La situation au Tigré, région septentrionale de l’Éthiopie, semble de plus en plus précaire. Les tensions politiques montent de façon inquiétante, menaçant de faire basculer la région dans un nouveau conflit armé. Les accords de paix conclus en 2022 après une guerre civile dévastatrice ont permis une trêve fragile, mais la situation actuelle, exacerbée par des rivalités internes et des changements d’alliances, semble loin d’être stable.
Ces derniers mois, des tensions ont refait surface entre les dirigeants militaires et politiques du Tigré. Les disputes, qui remontent à plusieurs années, ont pris un tour plus dramatique avec la prise de position de hauts responsables militaires, exacerbant les divisions au sein de la région.
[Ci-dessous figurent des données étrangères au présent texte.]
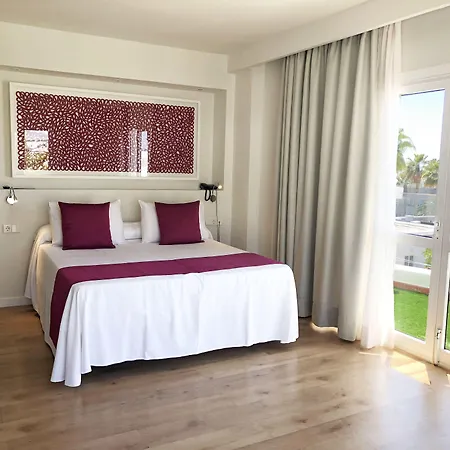 Flamingo Mate Costa Adeje (Tenerife)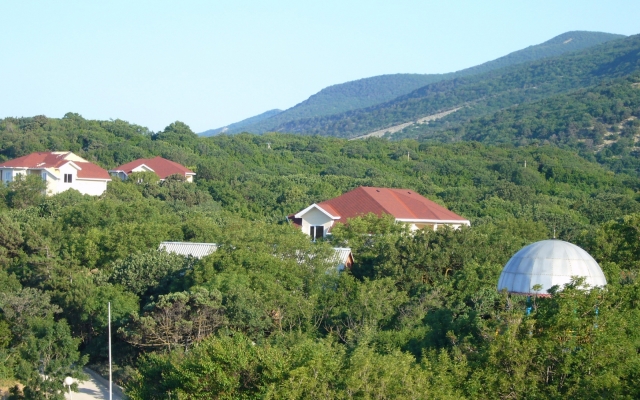 Morjak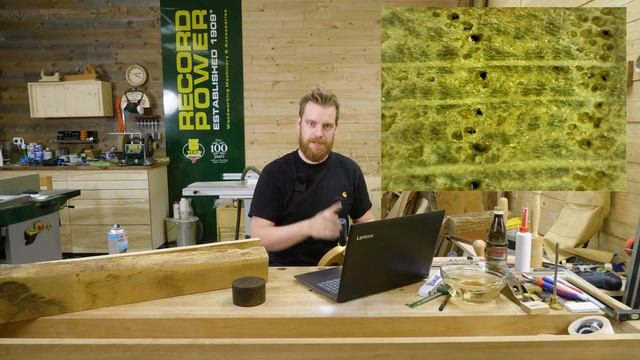 EICHE - Holzatlas für Möbelbau und Konstruktion - Wissen für Handwerker смотреть онлайн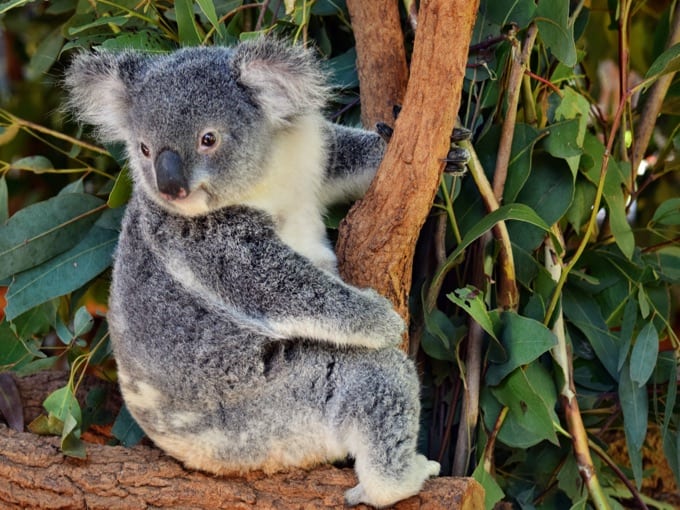 Koala in a tree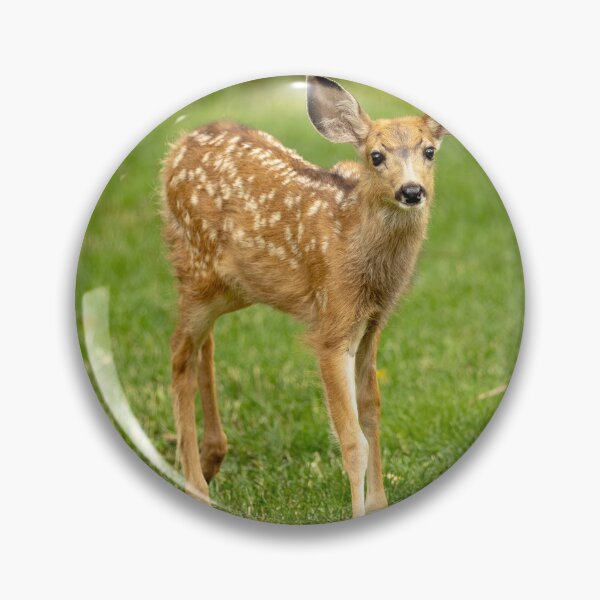 Item preview, Spotted Fawn in Lush Meadow designed and sold by Jarrett720.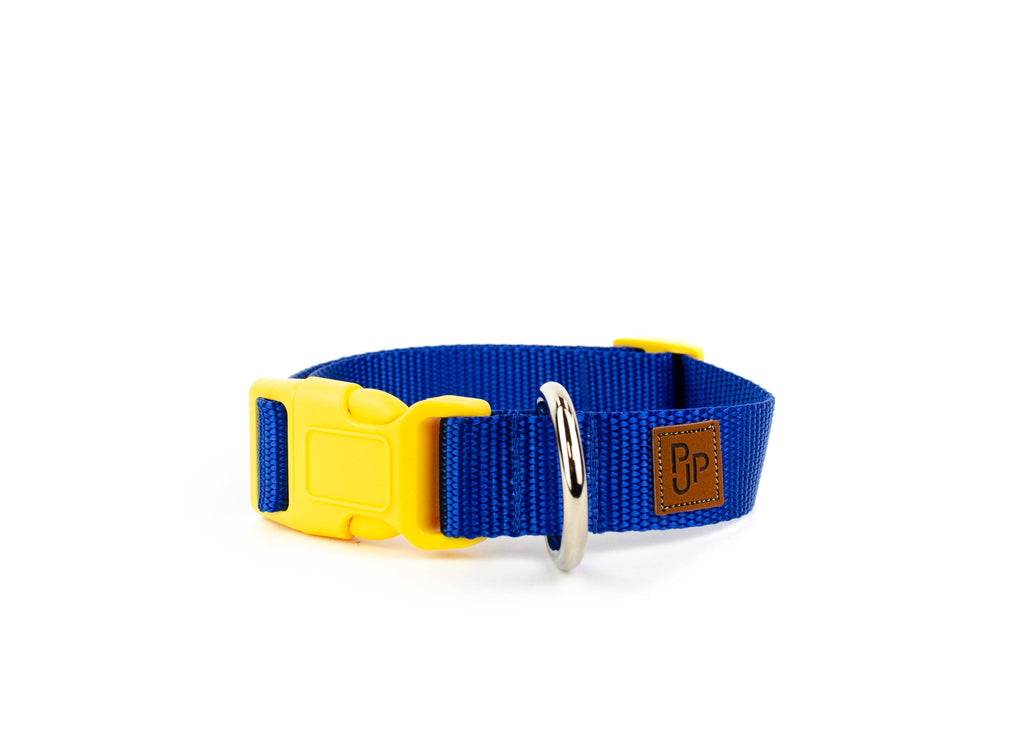 PJP Fetch Collar - Royal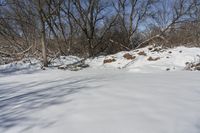 Ontario Forest: Clear Sky and Sunlight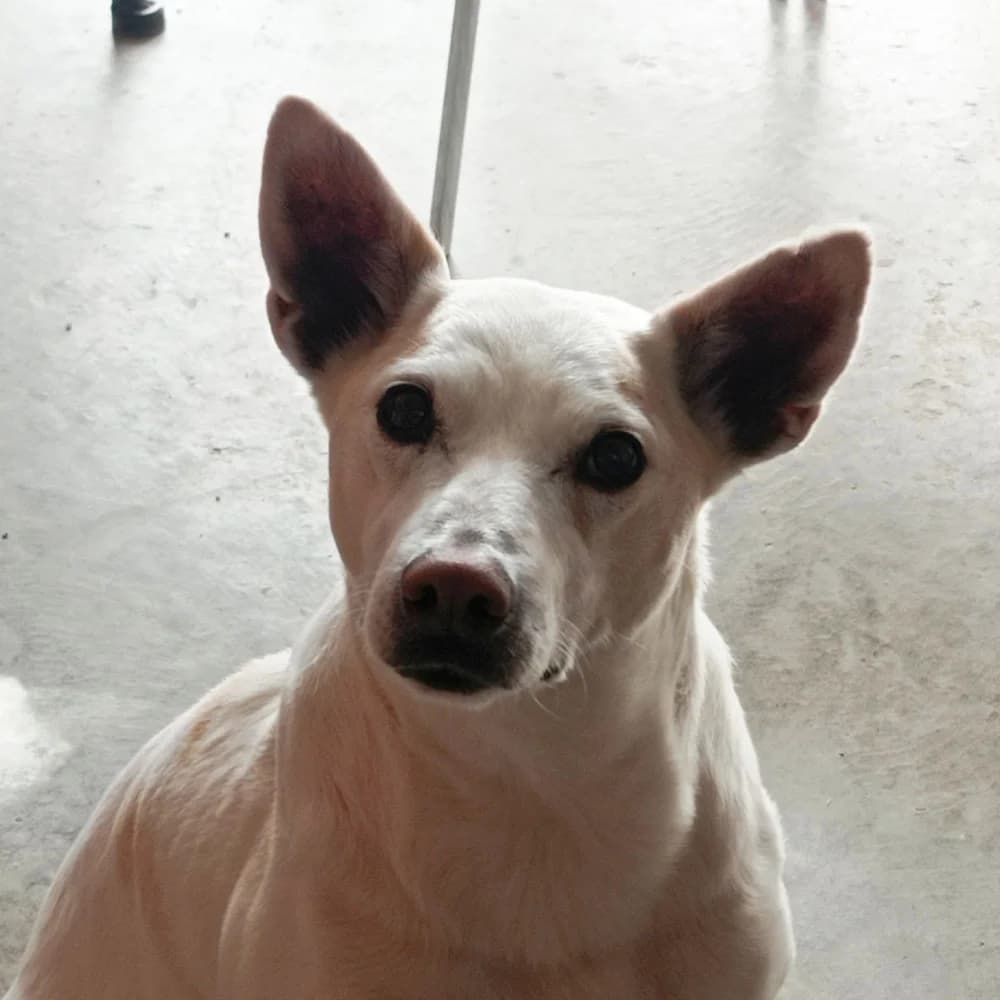 Pistole, Mixed Breed for adoption at Tierschutzverein Europa, München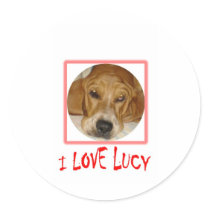 i love lucy stickers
La méfiance entre les anciens alliés politiques s’est intensifiée, les manœuvres militaires se multipliant et les provocations verbales devenant plus fréquentes.
La population, déjà traumatisée par les horreurs du conflit qui a ravagé la région pendant deux ans, vit dans un climat de peur constante. L’incertitude quant à l’avenir alimente une anxiété généralisée. Les habitants se demandent si la fragile paix, qui n’a jamais été pleinement mise en œuvre, tiendra face à la montée en puissance de ces tensions politiques et militaires.
Le Tigré, qui a été le théâtre de certaines des violences les plus sévères de la guerre civile, pourrait bien être sur le point de renouer avec son passé conflictuel. Les combats à grande échelle et les souffrances humaines qui ont caractérisé le conflit de 2020 à 2022 n’ont laissé que des cicatrices profondes, et une reprise des hostilités aurait des conséquences catastrophiques pour la région et l’ensemble du pays.
Le rôle des acteurs extérieurs, y compris des puissances internationales qui ont soutenu l’un ou l’autre des camps, reste également un facteur clé. Ces alliances fluctuantes ajoutent une dimension de complexité supplémentaire à une situation déjà volatile. Alors que la communauté internationale reste vigilante, l’avenir du Tigré demeure incertain. La diplomatie et les négociations sont plus cruciales que jamais pour empêcher un retour à la guerre.